L 11 à 17 « suivre cette-ci » : Mais influence européenne sur ces pratiques et basculement dans la
barbarie.
L 17 à la fin : Opinion de Montaigne et mise en accusation de l’Europe
Montaigne glisse progressivement d’une description impersonnelle à la manière des ouvrages des
géographes à l’expression d’un jugement personnel.
Phrase 1 : Le pronom « ils » désigne les habitants du Brésil, les indiens.
Après avoir décrit
précédemment leur mode de vie, il aborde leurs habitudes guerrières : champ lexical des armes et
du combat : leurs guerres / armes / arcs/ épées/ épieux.
Guerre pratiquée = possiblement
défensive (la seule tolérée par Montaigne) : « contre les nations qui sont au-delà de leurs
montagnes », critique implicite des guerres civiles ou des guerres de religion qui deviendra
explicite en fin de texte.
Avec l’expression « ils vont tout nus », M convoque l’image surprenante de
la nudité costume peu adapté à la circonstance aux yeux d’un Européen.
La nudité renvoie à un
certain état naturel de ce peuple (longuement développé auparavant), mais suggère aussi qu’ils ne
sont pas militaires de profession donc pas habitués à se battre.
L’adverbe d’intensité
« tout » renforce cette idée.
La formule restrictive « ne que » dans la proposition
participiale« n’ayant autres armes que » va dans le même sens, ils n’ont pas développé d’art de la
guerre, pas d’armes sophistiquées.
Pour mieux souligner ces particularités, M recourt à
une comparaison , comme s’il voulait aider le lecteur à visualiser ce qui est hors de portée de son
regard : « à la mode des langues de nos épieux »
Phrase 2 : « C’est chose émerveillable » : l’adjectif souligne une certaine admiration de
Montaigne, qui peut surprendre lorsqu’on connait son point de vue sur cette activité humaine.

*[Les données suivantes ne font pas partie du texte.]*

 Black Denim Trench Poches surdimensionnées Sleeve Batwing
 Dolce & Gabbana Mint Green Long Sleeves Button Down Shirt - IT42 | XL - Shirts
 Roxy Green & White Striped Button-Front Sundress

"émerveillable" = formé à partir du radical « merveille » qui désigne un fait ou une chose qui
étonne par son caractère étrange et extraordinaire, mais qui peut aussi susciter de l’admiration /
Le préfixe é indique un changement tandis que le suffixe « able » signifie qui a la possibilité de » =
qui a la possibilité de faire passer dans un état d’étonnement admiratif.
Pour renchérir sur cette
idée M recourt à la formule emphatique « c’est … que » qui met en relief l ’attribut « chose
émerveillable » en début de phrase.
Il ménage ainsi le paradoxe à venir : apparente contradiction
entre les termes « combats », « meurtre et effusion de sang » et cet adj émerveillable.
Ce
paradoxe est renchéri par un jeu sur les sonorités : allitérations en {ch], [S] et [z] qui laissent
entendre l’admiration et qui contrastent avec une allitération en [R] suggérant la violence :
« chose », « finissent » // meurtres/ effroi… Le recours au présent de l’indicatif , à valeur itérative
(habitude) ainsi que l’expression « qui ne finissent jamais que comme » signifient une habitude.

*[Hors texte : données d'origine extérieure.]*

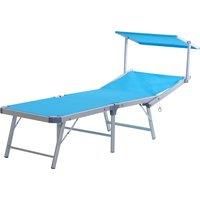 Outsunny Garden Sun Lounger Texteline Chaise Lounge Reclining Chair with Canopy Adjustable Backrest Bed Aluminium Frame  Blue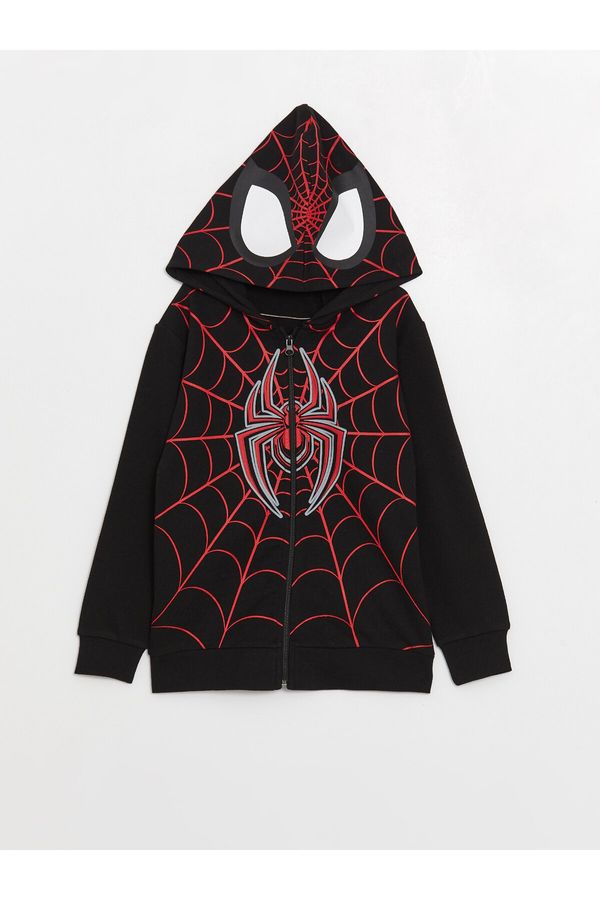 LC Waikiki LC Waikiki Hooded Spiderman Printed Long Sleeve Boys' Zipper Sweatshirt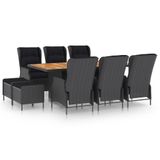 vidaXL 9-delige Tuinset met kussens, polyrattan, donkergrijs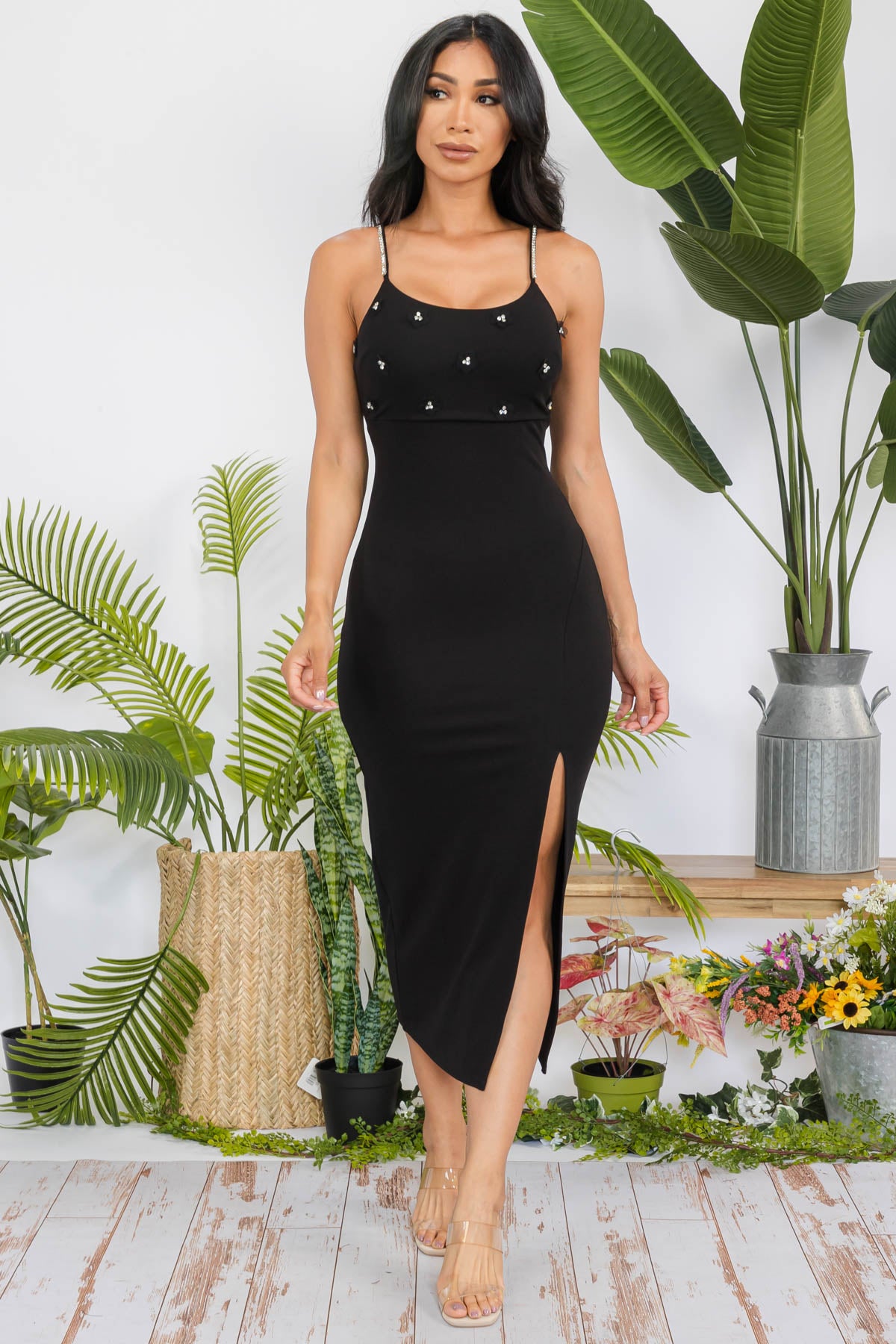 KD9641 - Thin Strap Rinestone Detail Dress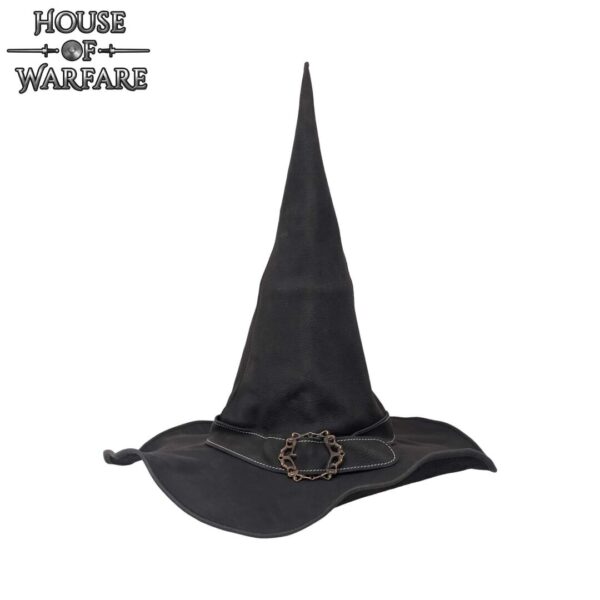 Handcrafted Leather Wizard Hat with Brass Buckle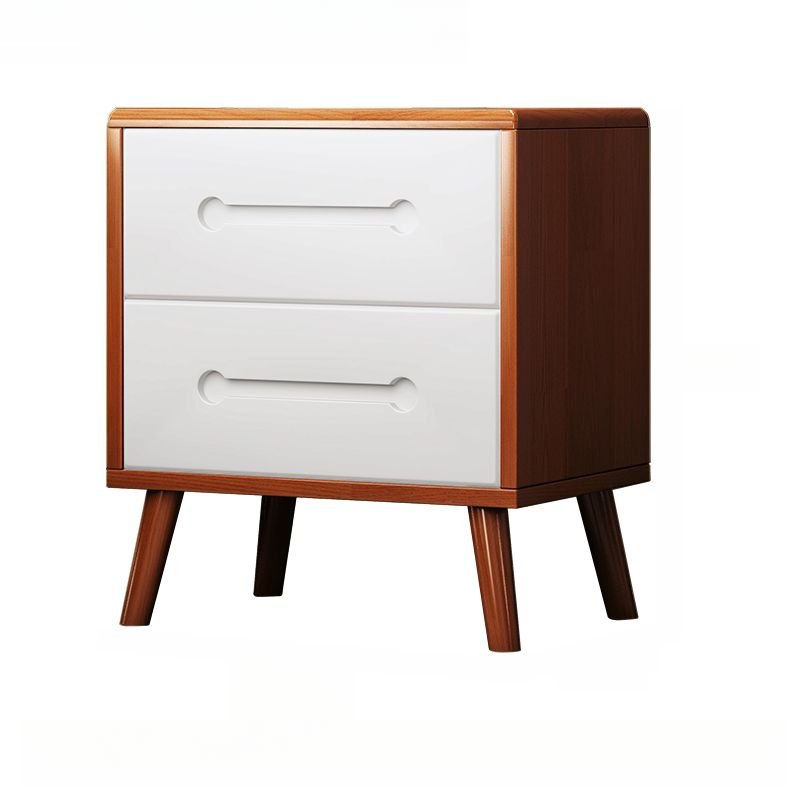 2 Tiers Simple Solid Wood Nightstand With Drawer Organization, Walnut/ White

Loin de condamner ces pratiques, Montaigne salue leur vaillance, leur bravoure : « fermeté de
leurs combats» + idée selon laquelle ils ignorent la peur (« effroi ») .
P as militaire de profession
mais toutefois combattants efficaces, ils ignorent les déroutes (défaites).
Donc peuple victorieux en
toute simplicité !
Phrase 3 : « Chacun » : pronom indéfini ( évoque la globalité, la totalité sous l’angle du singulier : 1
+ 1 +1 … = tous / la communauté) : indique qu’il s’agit d’une attitude générale, commune à chacun
d’eux, donc peuple globalement brave.
Le terme « trophée » connote en effet la victoire.
A l’origine
le mot désigne la dépouille d’un ennemi vaincu (« l’ennemi qu’il a tué ») ou un objet attestant d’une.